Personal information
- Full name: Younes Aitamer
- Date of birth: 23 April 2003 (age 23)
- Place of birth: Munich, Germany
- Height: 1.75 m (5 ft 9 in)
- Position: Winger

Team information
- Current team: Bayern Munich II

Youth career
- 2013–2017: SpVgg Unterhaching
- 2017–2022: Bayern Munich

Senior career*
- Years: Team / Apps / (Gls)
- 2021–: Bayern Munich II / 52 / (10)

International career
- 2021–2022: Algeria U20 / 6 / (0)

= Younes Aitamer =

Algerian footballer (born 2003)

Younes Aitamer (يونس أيت عامر; born 23 April 2003) is a professional footballer who plays as a winger for Regionalliga Bayern club Bayern Munich II. Born in Germany, he is a former Algeria youth international.

==Early life==

Born in Munich, Germany, Aitamer moved from the youth academy of German side SpVgg Unterhaching and joined the youth academy of German Bundesliga side Bayern Munich at the age of fourteen. He was part of the club's under-19 team by the age of seventeen.

==Club career==

Aitamer started his professional career with German side Bayern Munich II. On 28 September 2021, he debuted for the club during a 6–3 away win Regionalliga Bayern match against 1. FC Schweinfurt 05. On 3 August 2022, he scored his first professional goal, with the club during a 3–2 away win Regionalliga Bayern match against DJK Vilzing.
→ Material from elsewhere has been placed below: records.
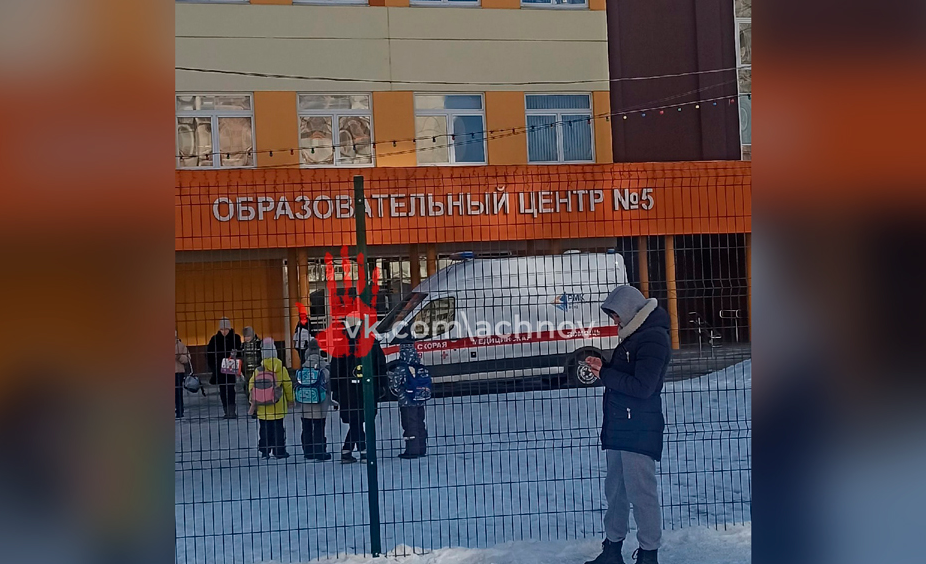 В одной из школ Челябинска произошла массовая драка. Фото © VK / Агентство чрезвычайных новостей Челябинска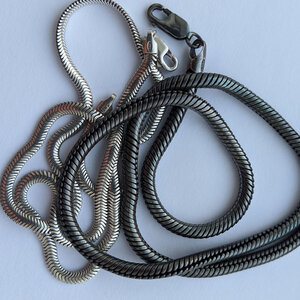 chains1.jpg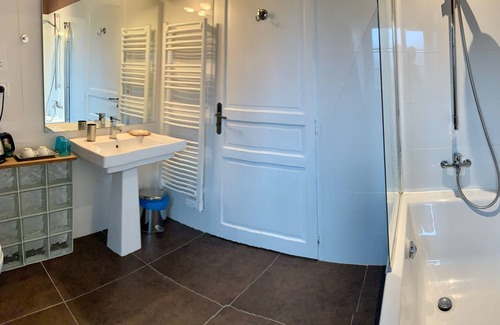 Colombiers Bed & Breakfast | Le Verger - Le Plessis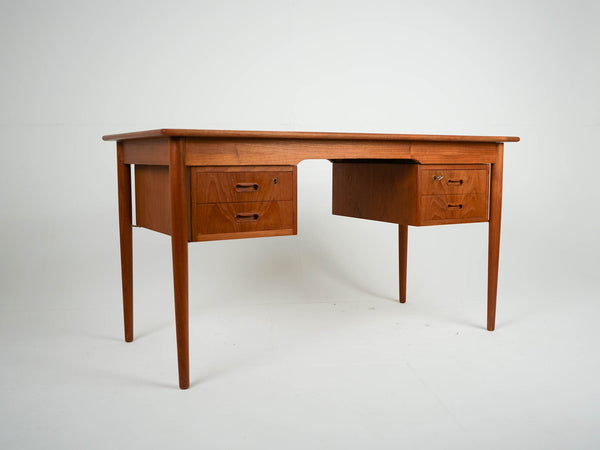 Bureau vintage en teck danois des années 60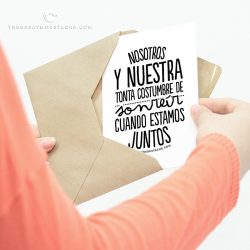 TARJETA - NOSOTROS Y NUESTRA TONTA COSTUMBRE DE SONREÍR CUANDO ESTAMOS JUNTOS + SOBRE KRAFT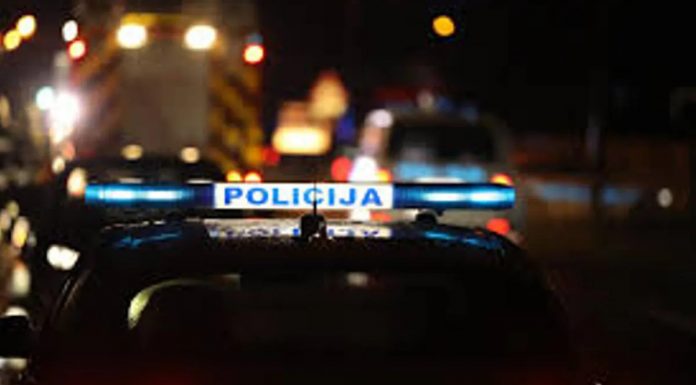 Jezivo! Vozač bez dozvole upao u dvorište, prijetio ženi s bebom i izazvao sudar - featured image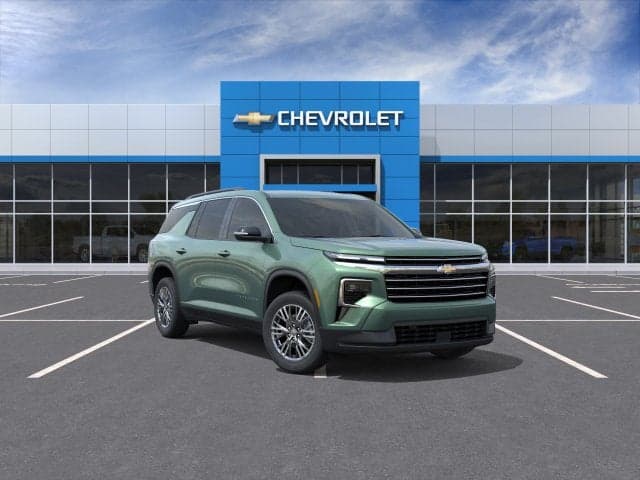 2027 Chevrolet Traverse FWD LT — photo 1 of 5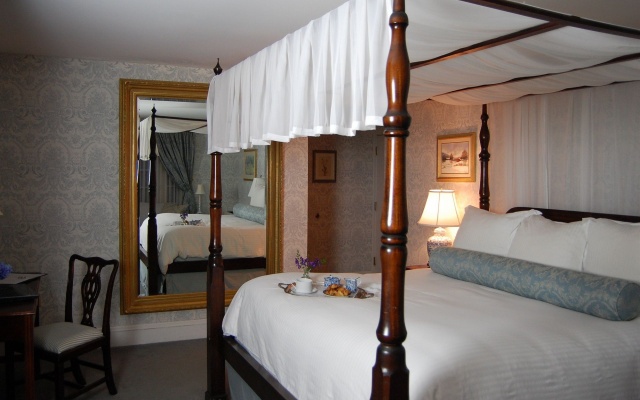 photo 5 of Simsbury 1820 House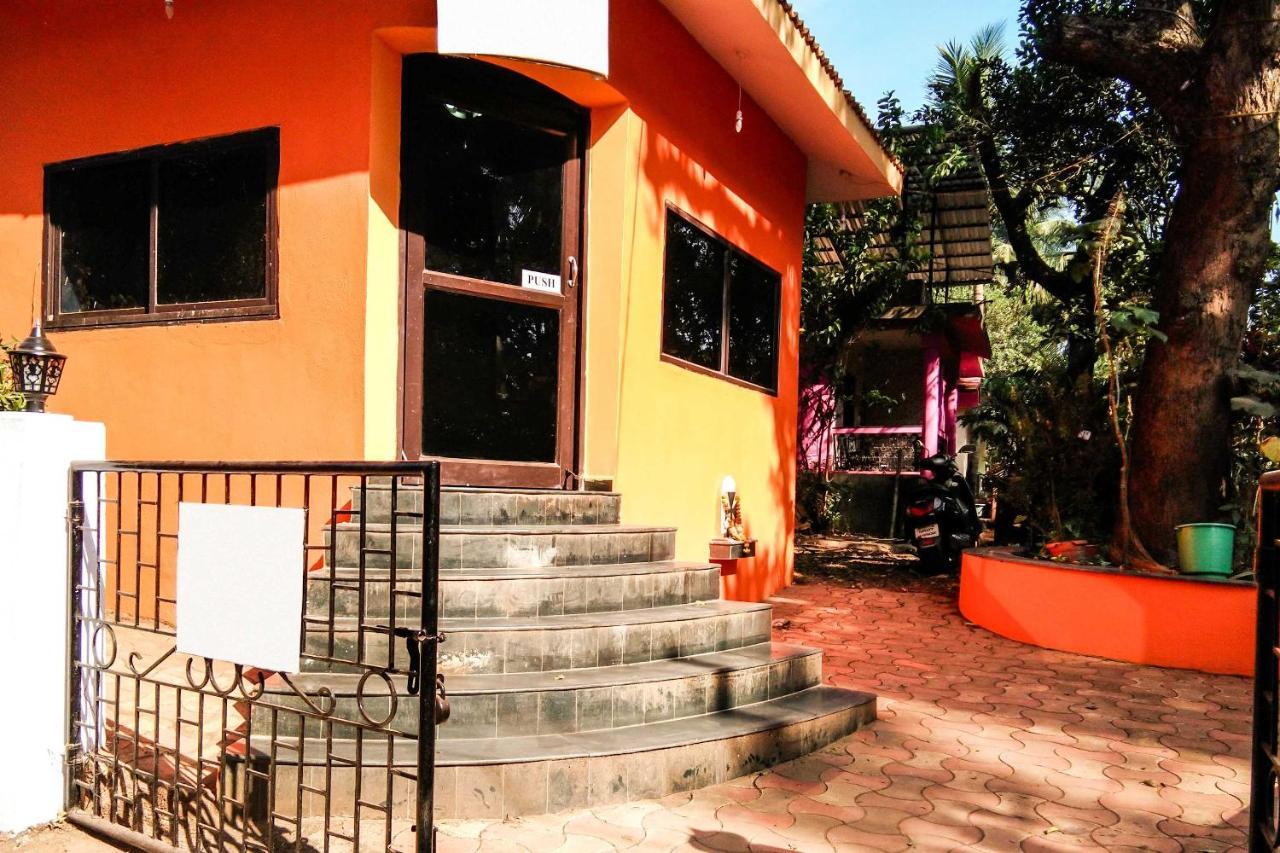 Oyo Village Inn 帕纳吉 外观 照片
In September 2024, Aitamer extended his contract with Bayern Munich until 2026. In March 2026, he extended his contract with the club until 2027, along with teammate Louis Richter.

==International career==
Born in Germany, he represented the Algeria U20s internationally at youth level from 2021 to 2022.

==Career statistics==
===Club===

Appearances and goals by club, season and competition
Club: Season; League; National cup; Other; Total
Division: Apps; Goals; Apps; Goals; Apps; Goals; Apps; Goals
Bayern Munich II: 2021–22; Regionalliga Bayern; 3; 0; —; —; 3; 0
2022–23: 29; 6; —; —; 29; 6
2023–24: 20; 4; —; —; 20; 4
Total: 52; 10; —; —; 52; 10
Career total: 52; 10; 0; 0; 0; 0; 52; 10

==Style of play==

Aitamer mainly operates as a winger. He is known for his versatility and can also operate as a wide midfielder, wing-back and full-back.

==Personal life==

Aitamer holds dual German and Algerian citizenship, he has regarded Algeria international Riyad Mahrez as his football idol.